Alquézar, comune dichiarato Insieme Storico-Artistico, domina da un promontorio il canyon del Vero. Le sue strade di pietra arenaria ocra, la collegiata romanica con chiostro del XII secolo e le viste sul fiume che scorre 150 metri sotto in una meandra incassato formano uno spettacolo che pochi visitatori dimenticano. Il paese è anche il punto di partenza per il Viadotto del Mascún e la discesa nella gola del Mascún, considerata da molti la classica escursione canyoning a Guara. La pozza di Salto de Bierge, a 12 km da Alquézar, è una pozza naturale d'acqua trasparente formata da una cascata del fiume Alcanadre; in estate funziona come zona di bagno con controllo dell'affluenza.

La fauna del massiccio include il vulture leonado, lo quebrantahuesos, l'aquila reale, l'alimoche e il falco pellegrino, che trovano nei corti calcarei del parco condizioni ottimali di nidificazione. La garduña e la gineta sono i mammiferi notturni più comuni nelle foreste di carrasca e quejigo che coprono le medie pendici. La vegetazione cambia in modo marcato tra le umbrías, con pino laricio e faggi isolati nei rioni più freschi, e le solanas, dove la coscoja e il rosmarino resistono alla siccità estiva. Le gole mantengono una vegetazione riparia densa di frassino, pioppo e lampone che contrasta con l'aridità delle mesetas intermedie tra i canyon.

Rodellar, a 30 km da Alquézar per strada di montagna, è il secondo nucleo del parco e funziona come base per arrampicatori e canyoning che frequentano il massiccio del Mascún. La parete di La Camporana e le vie della gola del Fornocal hanno percorsi di tutti i gradi per l'arrampicata su roccia calcarea. Nei pomeriggi di luglio, quando il sole cade dietro lo sperone del Tozal de Mallata e la temperatura del fondo della gola scende diversi gradi rispetto all'esterno, il suono dell'acqua tra le pareti calcaree è l'unico riferimento uditivo dell'ambiente. Questo carattere remoto e la scarsa pressione urbanistica di gran parte del territorio fanno della Sierra de Guara uno dei migliori destinazioni d'avventura conservati del preappennino iberico.
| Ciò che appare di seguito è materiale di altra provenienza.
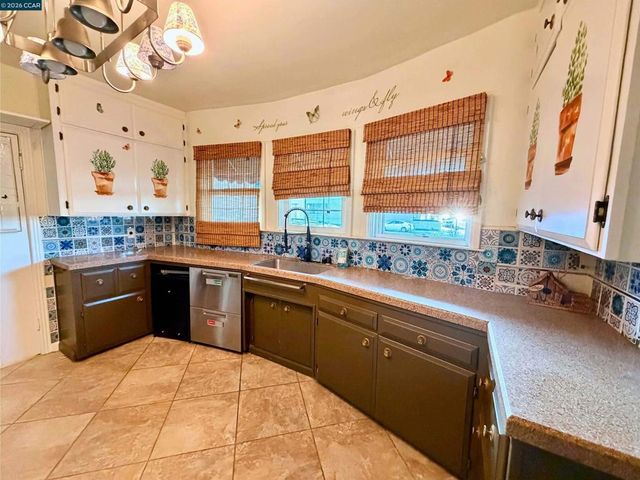477 W 10Th St, Pittsburg, CA 94565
Informazioni pratiche su Sierra de Guara

Tutto quello che devi sapere per la tua visita a Sierra de Guara

Come arrivare
Da Huesca, la A-1207 porta ad Alquézar in 50 km (1h). Da Barbastro, 25 km tramite la A-1232. Non vi è trasporto pubblico regolare verso Alquézar né verso i barrancos principali; si consiglia veicolo proprio o escursione organizzata da Huesca o Barbastro.
Informazioni sull'area
Il parco si trova nella comarca del Somontano di Barbastro, con Alquézar come nucleo principale. Barbastro (25 km) è la città di servizi più vicina. Il Parque Cultural del Río Vero gestisce l'arte rupestre e le strutture del territorio.
Geografia
Massiccio calcareo prepirineo con altitudine massima a Tozal de Guara (2.077 m). I fiumi Vero, Mascún, Formiga, Alcanadre e Guatizalema hanno scolpito canyon fino a 500 m di profondità. Paesaggio di pianure calcaree con erosione carsica.
Flora e fauna
Carrasca e quejigo sui pendii medi, pino laricio nelle zone ombreggiate, vegetazione ripariale nei burroni. Uccelli: aquila reale, avvoltoio monaco, aquila reale, alimoche, falco pellegrino. Mammiferi: garduña, gineta, cinghiale, cervo.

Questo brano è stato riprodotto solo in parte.